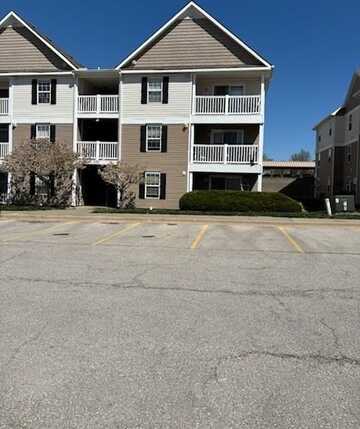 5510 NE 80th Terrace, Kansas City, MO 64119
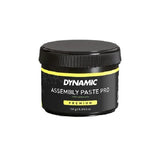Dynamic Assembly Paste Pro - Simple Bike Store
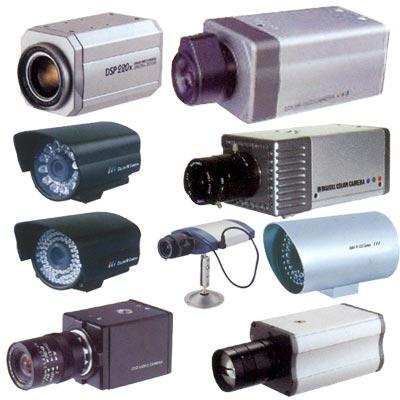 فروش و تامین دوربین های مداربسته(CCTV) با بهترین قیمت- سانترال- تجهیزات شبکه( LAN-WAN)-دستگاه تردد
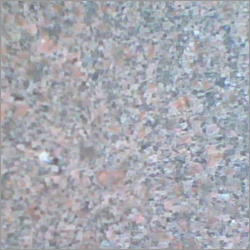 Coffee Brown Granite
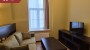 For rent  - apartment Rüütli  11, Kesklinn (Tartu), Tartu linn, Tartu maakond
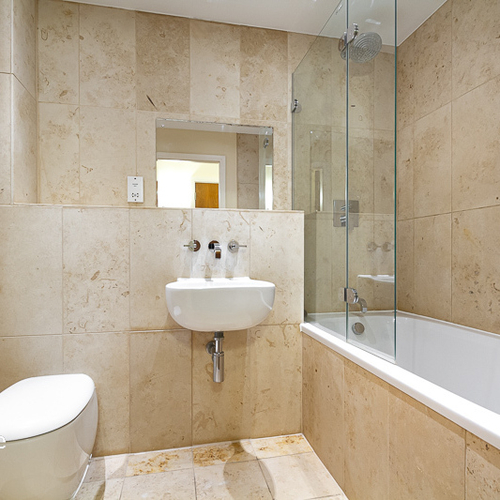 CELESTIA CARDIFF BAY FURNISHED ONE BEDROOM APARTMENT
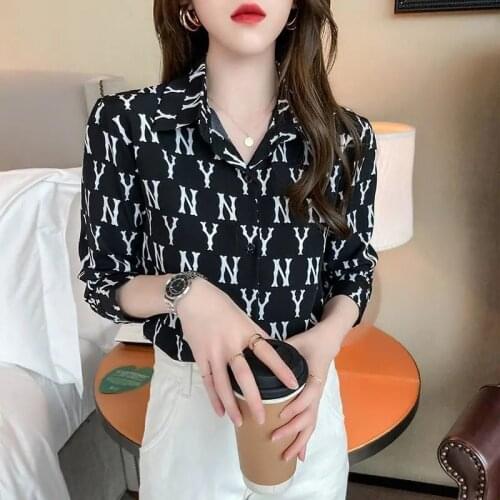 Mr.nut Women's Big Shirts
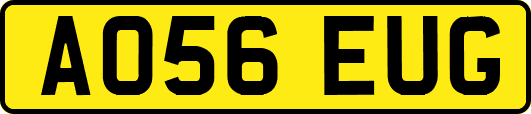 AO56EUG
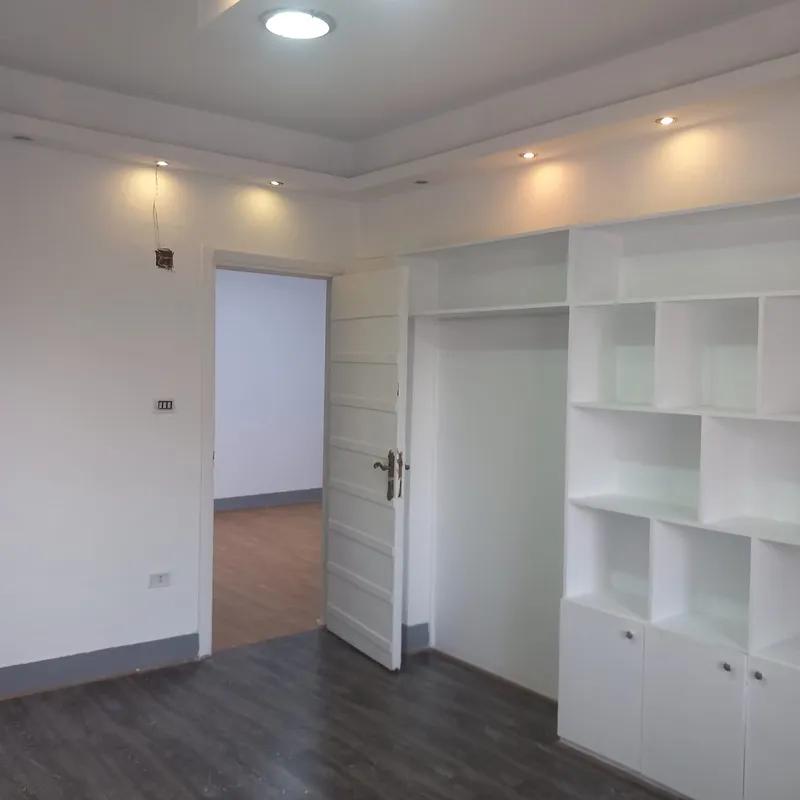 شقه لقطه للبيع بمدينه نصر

* * *

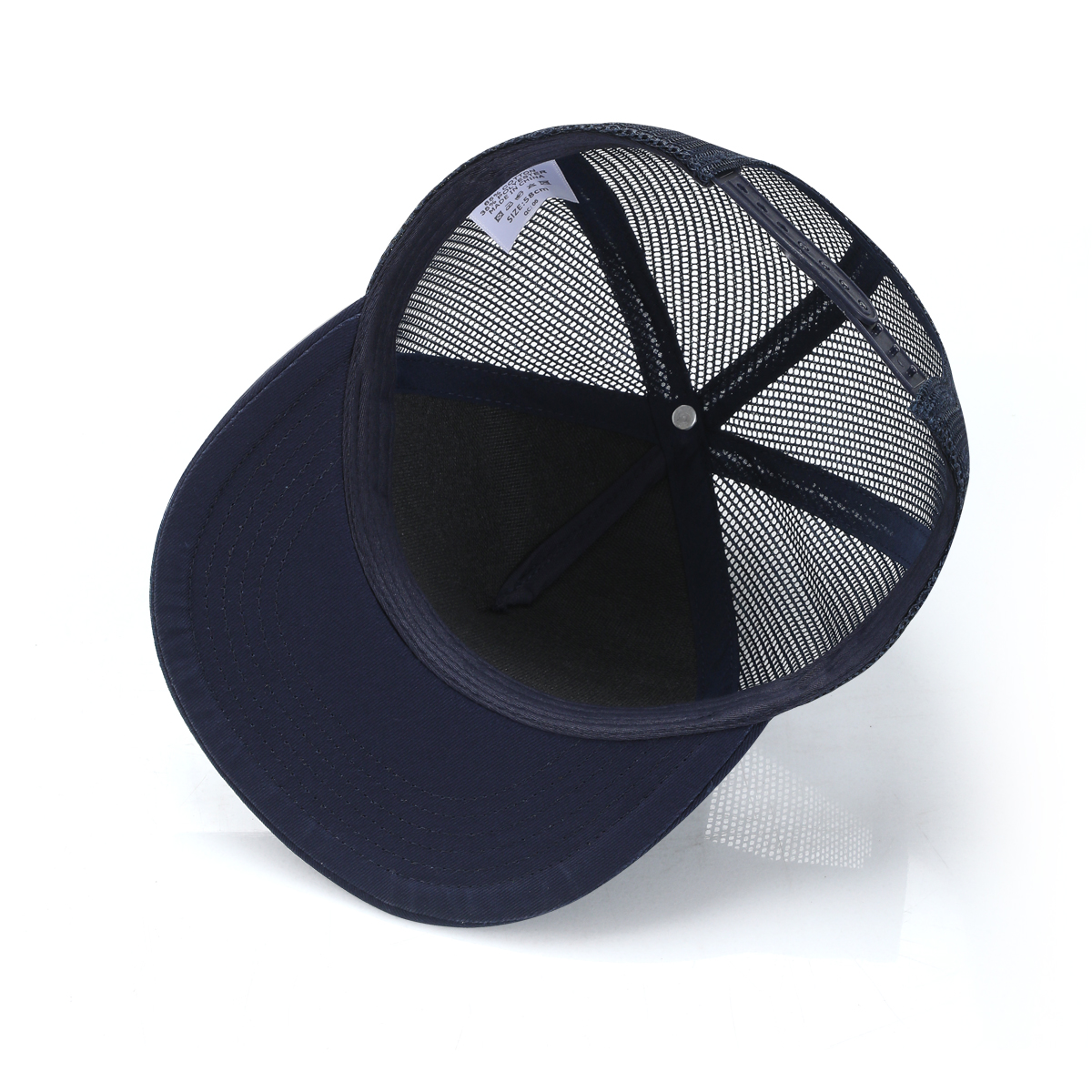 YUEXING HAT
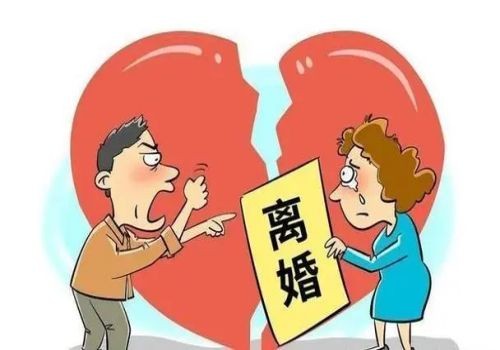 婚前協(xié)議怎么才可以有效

...

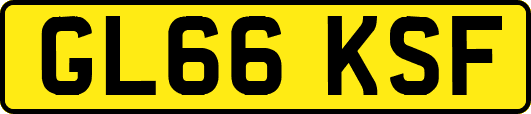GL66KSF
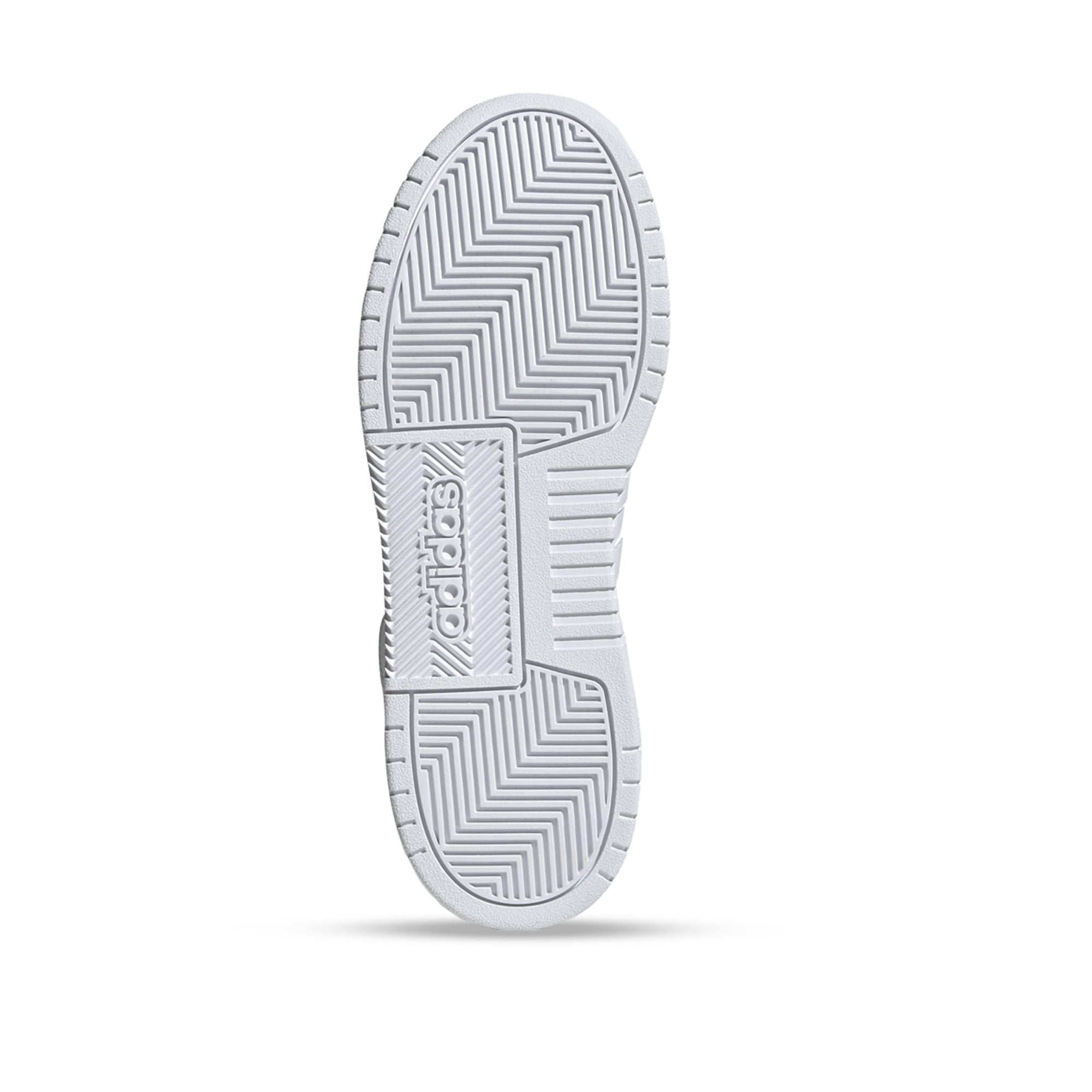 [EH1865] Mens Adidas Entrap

> [Problem description]
Would you copy, word for word, only the lines above from the one containing "5510 NE 80th Terrace, Kansas City, MO 64119" through the one containing "شقه لقطه للبيع بمدينه نصر", both included, and please leave out the pictures?

> [Result]
 5510 NE 80th Terrace, Kansas City, MO 64119
Dynamic Assembly Paste Pro - Simple Bike Store
 فروش و تامین دوربین های مداربسته(CCTV) با بهترین قیمت- سانترال- تجهیزات شبکه( LAN-WAN)-دستگاه تردد
 Coffee Brown Granite
 For rent  - apartment Rüütli  11, Kesklinn (Tartu), Tartu linn, Tartu maakond
 CELESTIA CARDIFF BAY FURNISHED ONE BEDROOM APARTMENT
 Mr.nut Women's Big Shirts
 AO56EUG
 شقه لقطه للبيع بمدينه نصر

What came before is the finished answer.